Seule une minorité (aujourd’hui toute-puissante) a à gagner véritablement d’une répartition inéquitable des richesses en sa faveur. Il ne s’agit donc pas de prendre arbitrairement à certains pour donner à d’autres. Il s’agit de donner à chacun son dû, en rapport avec ses efforts et sa contribution à la société.
Une question de justice et de responsabilité
Cette idée renvoie donc à une question de bon sens et de justice. Et, en ce début de nouveau millénaire, la soif de justice est au cœur des attentes des Français, peut-être plus encore que la solidarité (en tout cas, pas de solidarité durable et acceptée sans justice et équité).
Est-il juste que les salaires augmentent moins vite que les gains de productivité ?
Est-il juste de voir un trader gagner en un an des millions d’euros grâce à des opérations financières spéculatives éloignées de l’économie réelle, quand les travailleurs, employés ou cadres, qui bossent dur et produisent des richesses n’en gagneront jamais autant (ni même le dixième) sur toute leur vie ?

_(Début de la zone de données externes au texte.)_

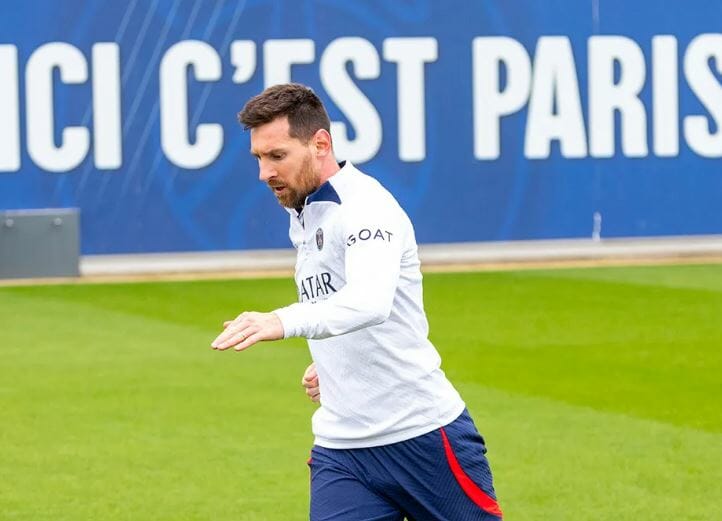 Psg Anuncia Fim Da Suspensão De Messi E Craque Argentino Volta Aos Treinos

Est-il juste que des investisseurs financiers irresponsables, à l’origine de crises graves (comme celle des subprimes), prennent en otage les banques centrales, obligées pour éviter la débâcle totale d’injecter des liquidités massives (souvent au final à la charge du contribuable) ?
Est-il juste que la part des profits reversée aux actionnaires augmente bien plus vite que celle consacrée aux investissements ? Les profits d’aujourd’hui ne font plus les investissements de demain et les emplois d’après-demain...
Est-il juste qu’en vingt ans, dans les grandes entreprises cotées, les écarts de revenus entre dirigeants (gavés aux stocks-options) et salariés aient été multipliés par 5 ou 10 (x 10 depuis 1980 aux Etats-Unis dans les 500 premières sociétés cotées) ?
Est-il juste que, ces dix dernières années, les profits des grandes entreprises explosent, alors que ceux des salariés stagnent et que leur précarité augmente ? D’ailleurs, les deux segments du marché de la consommation qui progressent le plus sont le luxe et le low-cost...
Est-il juste que les profits cumulés des multinationales des deux secteurs responsables des plus grandes crises actuelles - les pétroliers (crise écologique) et les banques (crise financière) - explosent et atteignent 100 milliards de dollars chacun ?
Est-il juste que, dans un monde de plus incertain et complexe, les risques se transfèrent de plus en plus du capital vers les travailleurs et les épargnants ?
Non, non et non. Tout cela ne pas évidemment ni juste ni responsable. Nicolas Sarkozy qui parle à juste titre de la nécessaire « moralisation du capitalisme financier » en est sûrement conscient. Mais il doit agir bien davantage et, pour cela, profiter de la fenêtre d’opportunité de la présidence française de l’Europe.
Bien sûr, dans un monde globalisé, libéralisé et ouvert, le traitement concret et efficace du « partage équitable des richesses » est complexe et sûrement progressif, car, avec la menace constante d’une concurrence féroce d’un moins disant social ou environnemental, le contrôle et la contrainte en matière économique sont délicats à manier, surtout au niveau national. Il est vrai aussi que l’économie administrée a montré son impasse et son danger et que personne n’a envie d’y retourner.
Mais ce n’est pas pour autant qu’il faut se croiser les doigts et renoncer à changer en profondeur les règles du jeu d’un système économique qui perd la tête, règles du jeu qui ne sont pas tombées du ciel, mais qui résultent de décisions politiques prises au niveau national et international...
« Ma vérité, c’est que je crois en la politique, en sa capacité à transformer le monde. (...) En politique, la frontière entre le possible et l’impossible est souvent celle que trace la volonté politique. » Ainsi s’exprimait Nicolas Sarkozy, toujours dans son livre de campagne Ensemble. Il doit maintenant transformer ces paroles en actes, à moins que, comme de plus en plus de gens le pensent, son volontarisme de parole se soit mué en une bonne volonté d’action et finira demain en néo-chiraquisme...
Rendez-vous à la fin de la présidence française pour faire un premier point.